Libre, il va se consacrer au militantisme social. Il écrit et participe aux activités du mensuel L’Aut’Journal pendant de nombreuses années. C’est d’ailleurs ce journal qui a annoncé jeudi sa mort.

 

Le nouveau monde

Paul Rose va plaider sa vie durant pour un monde où la disparité économique ne serait plus un fait de tous les jours aux conséquences désastreuses. « La solidarité, c’est une dimension importante dans la construction de toute société, et ça a été un élément central de notre vie familiale, autant à l’école, qu’au travail et dans les engagements politiques, sociaux, syndicaux », dit-il en 2004 au moment de présenter un projet de télésérie sur l’engagement politique et social.

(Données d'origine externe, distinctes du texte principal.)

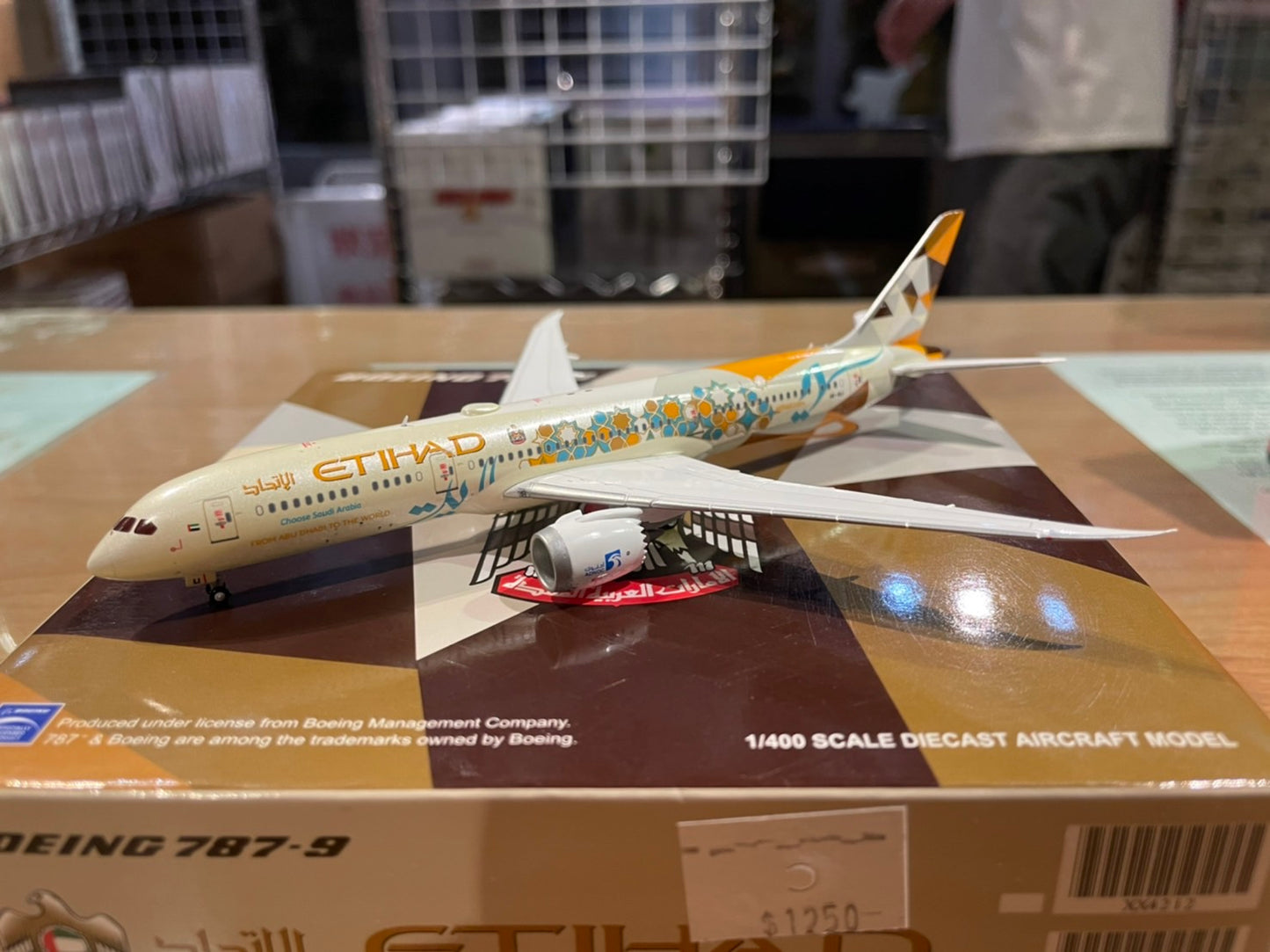 RBF絕版 JC 金屬 1:400 ETIHAD 787-9 CHOOSE ARAB XX4212 *free shipping* 全球免運費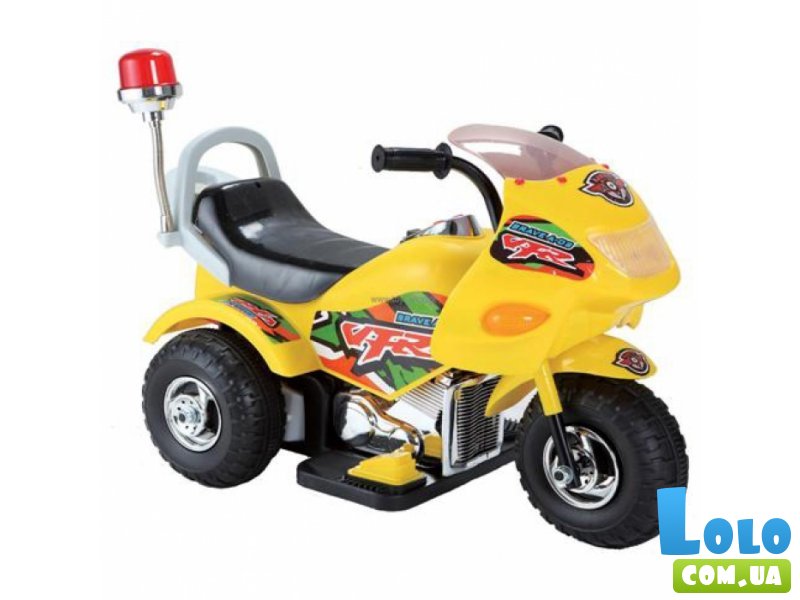 Электромобиль Baby Tilly "Мотополиция" BT-BOC-0062 (желтый)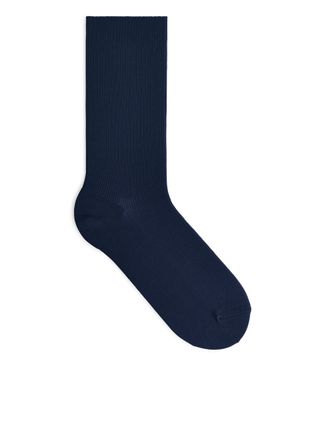 Arket + Mercerised Cotton Rib Socks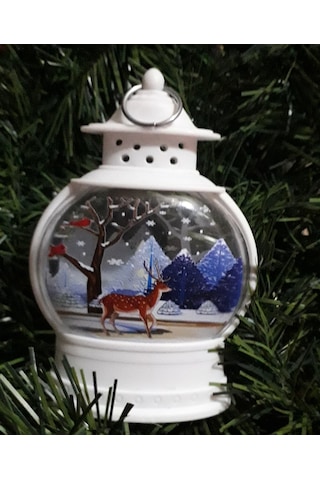 YILBAŞI NOEL GEMİCİ FENERİ LED IŞIKLI FENER DEKOR MASA LAMBASI YILBAŞI HEDİYELERİ NOEL BABA GEYİK FİGÜRLÜ LAMBA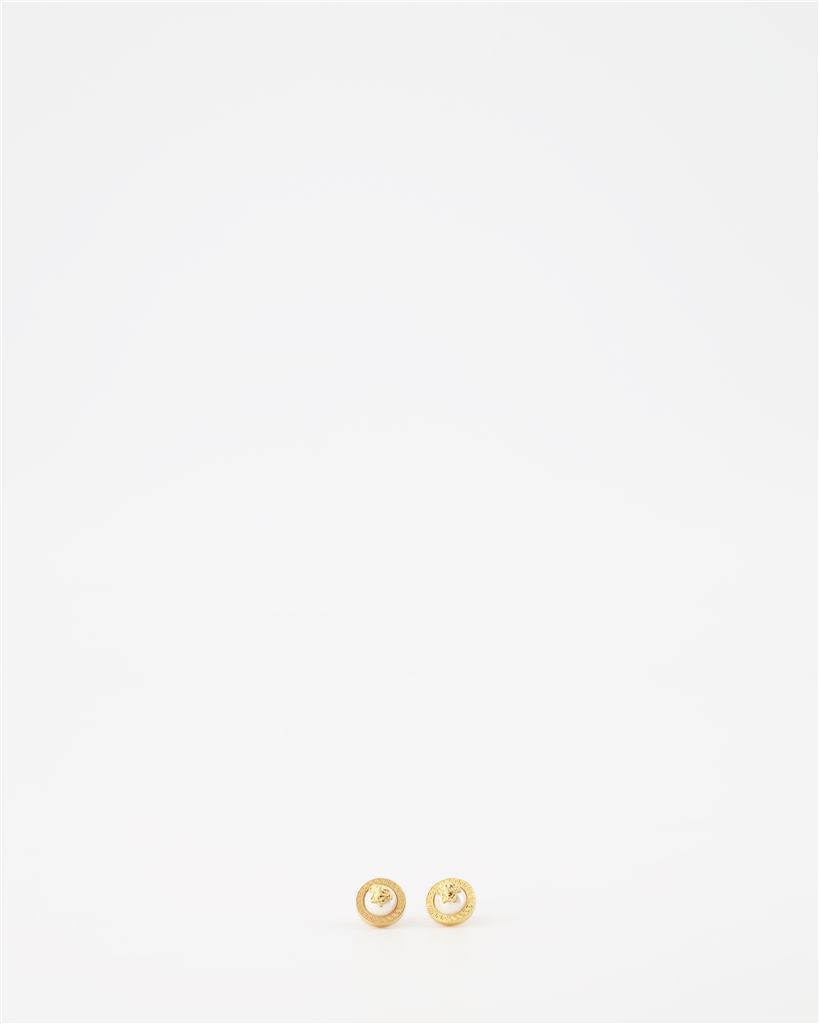 Bijoux Boucles d'oreilles Medusa Versace Doré Femme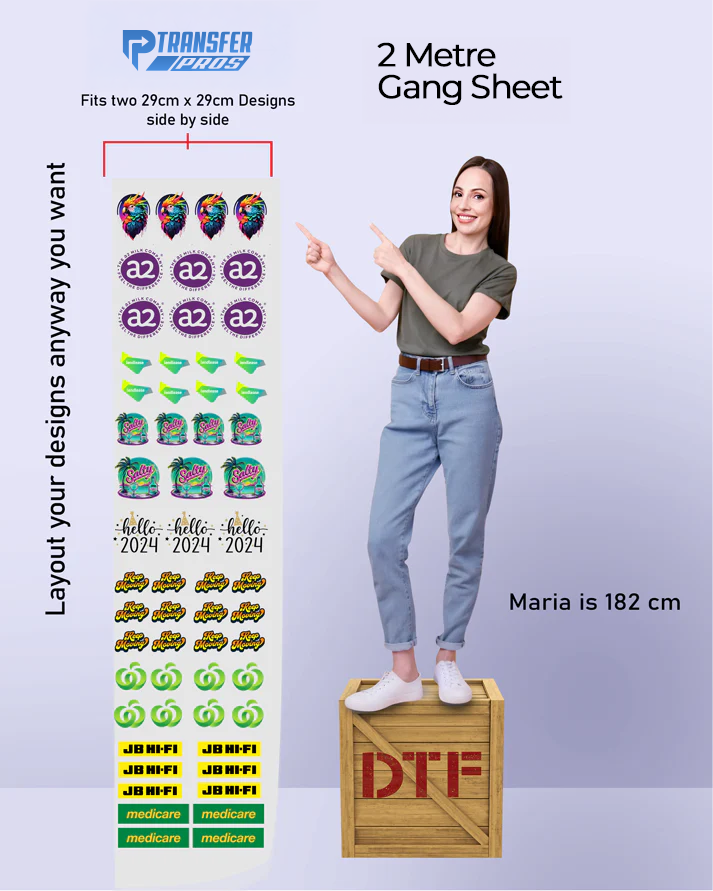 DTF Transfers Gang Sheet Uploader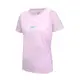 ASICS 女短袖T恤-運動 上衣 休閒 吸濕排汗 粉紅白藍 (7.8折)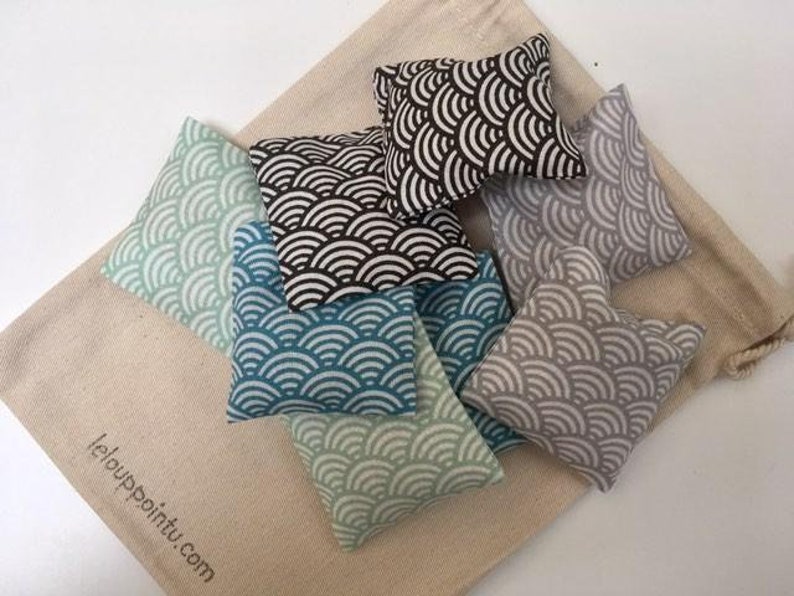 Sensory Tactile Cushions Montessori Pairing Different Etsy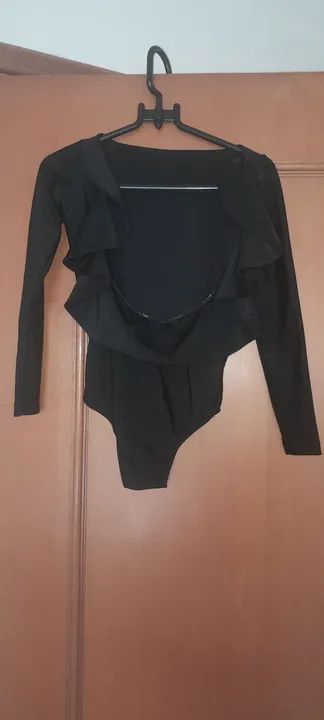 Body Preto Manga Longa - Foto 2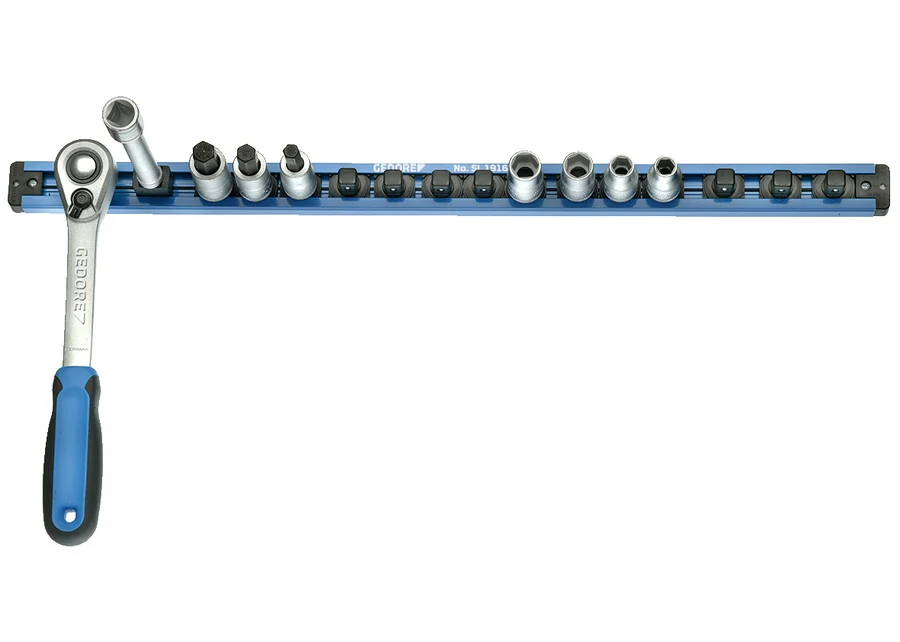 GEDORE empty magnetic 1/2" socket rail, product image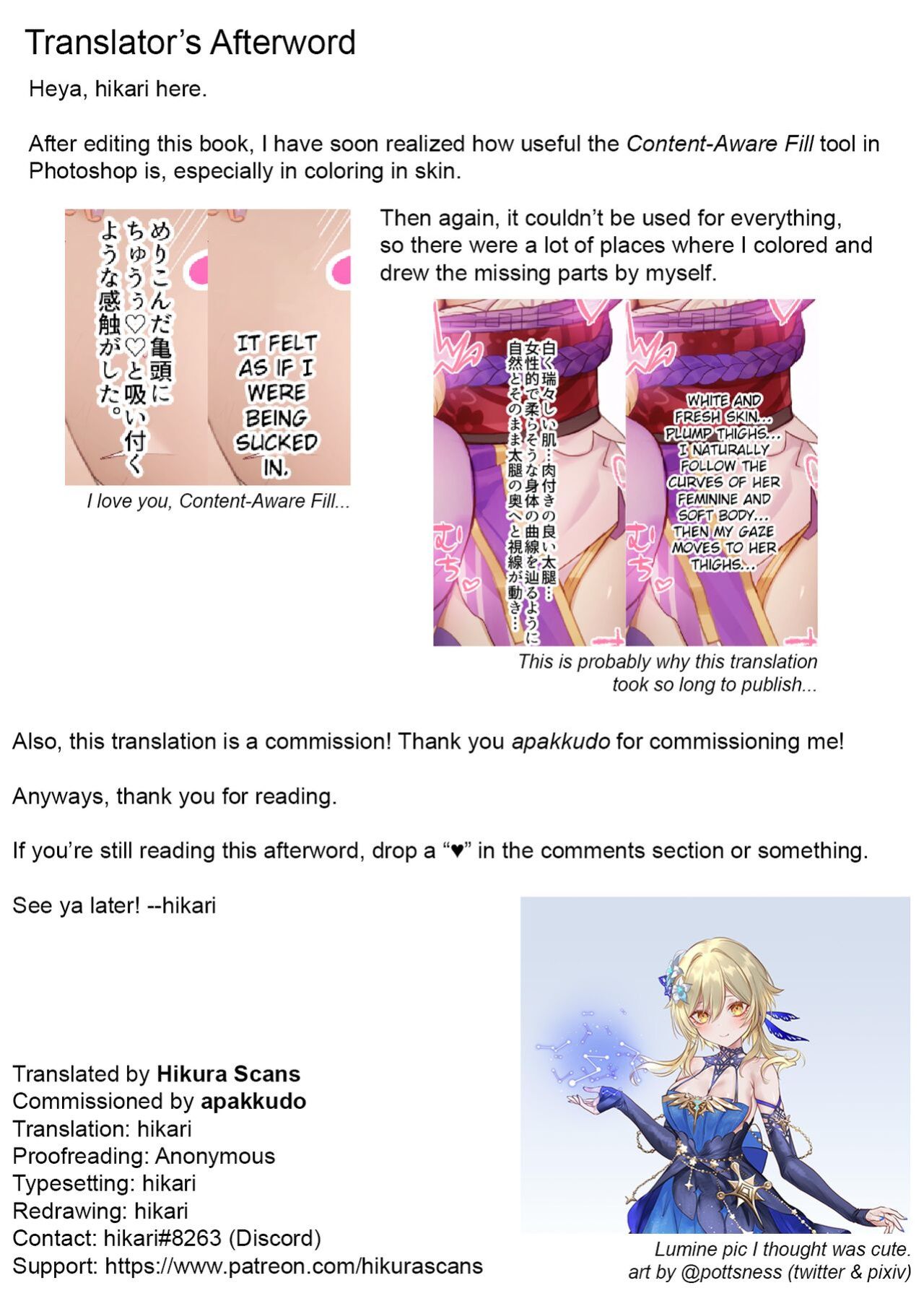[Shandega] Futanari Sara-chan Muchu Ecchi de Datsu-doutei. | Futanari Sara-Chan, Losing My Virginity in Ecstasy. (Genshin Impact) [Hikura Scans]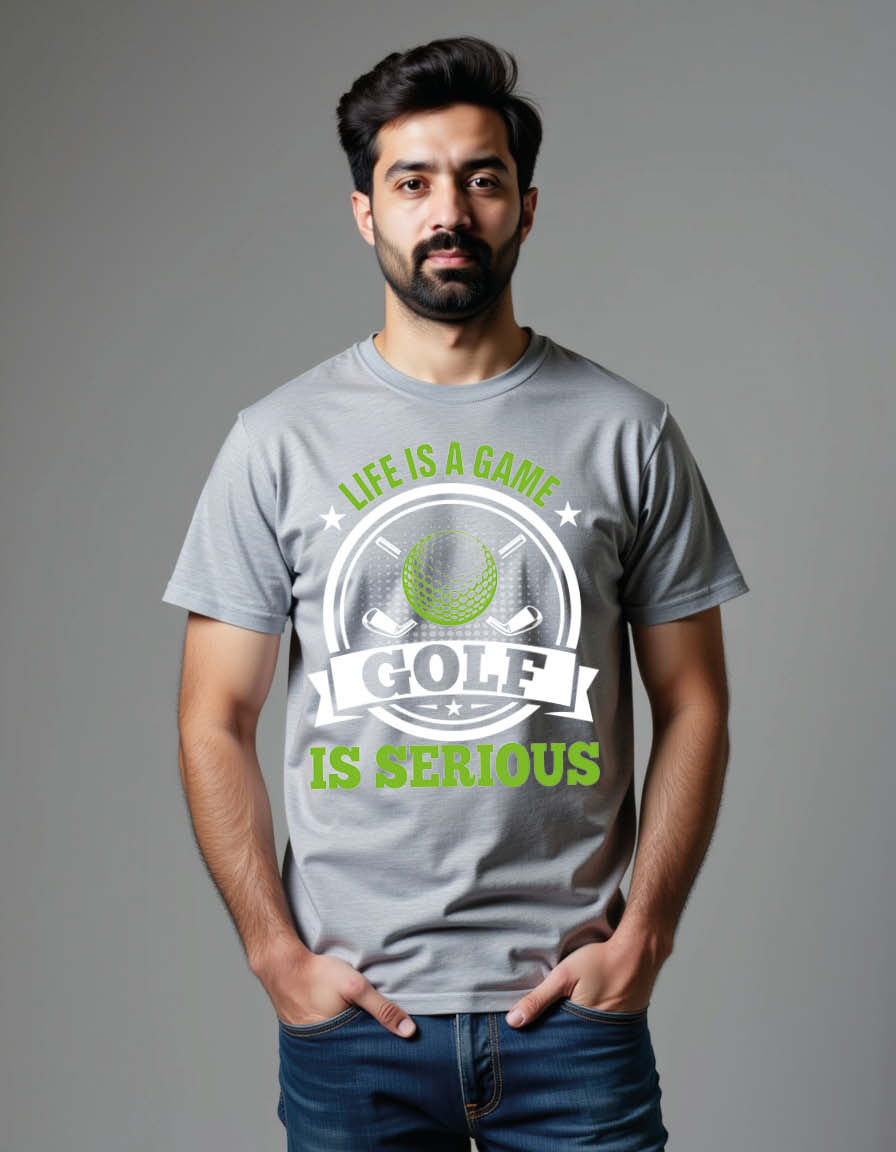Thumbnail: life is a game golf is serious Unisex Graphic T-Shirt for Mens,Womens & Kids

Paul Rose fut très lié à Michel Chartrand. Fort en gueule, celui-ci ne manquait d’ailleurs jamais l’occasion de lui rendre hommage dans une boutade plusieurs fois répétée. Chartrand disait adorer l’architecture du nouveau pont de Québec, mais que son éclairage légèrement rosé la nuit l’encourageait à l’appeler « le pont Rose » plutôt que le « pont Pierre-Laporte ».

En 1982, Paul Rose avait signé avec les autres membres de la cellule Chénier Pour en finir avec Octobre, un livre écrit par Francis Simard. Le groupe s’était par la suite définitivement brouillé.

Parlant des Rose, le cinéaste Pierre Perrault soutenait pour sa part que ces gars-là « avaient eu du courage et méritaient qu’on les encourage ». « Dans notre histoire, écrivait Perrault, nous n’avons pas beaucoup d’exemples de courage pour susciter l’avenir, pour dérider la peur, pour accueillir une légitimité, pas beaucoup d’hommes d’honneur qui nous enseignent à refuser l’enclos de la médiocrité. » Pour son engagement social et politique envers les moins nantis, Paul Rose suscitait toujours une solide vague d’admiration.

Son monde idéal, il le définissait sans faillir : « Je ne veux pas du pays à Parizeau. Je ne veux pas d’une souveraineté de business man. L’indépendance, c’est l’affaire de tous. Des pauvres, comme des riches. Il s’agit d’un projet de société visant le respect des travailleurs et la fin d’une économie froide et inhumaine. »

En 2012, lors du printemps érable, il avait soutenu à plusieurs reprises les étudiants. Jeudi, le député de Québec solidaire Amir Khadir a souligné son importance dans l’histoire tandis que le Parti libéral et le Parti québécois préféraient s’abstenir de tout commentaire.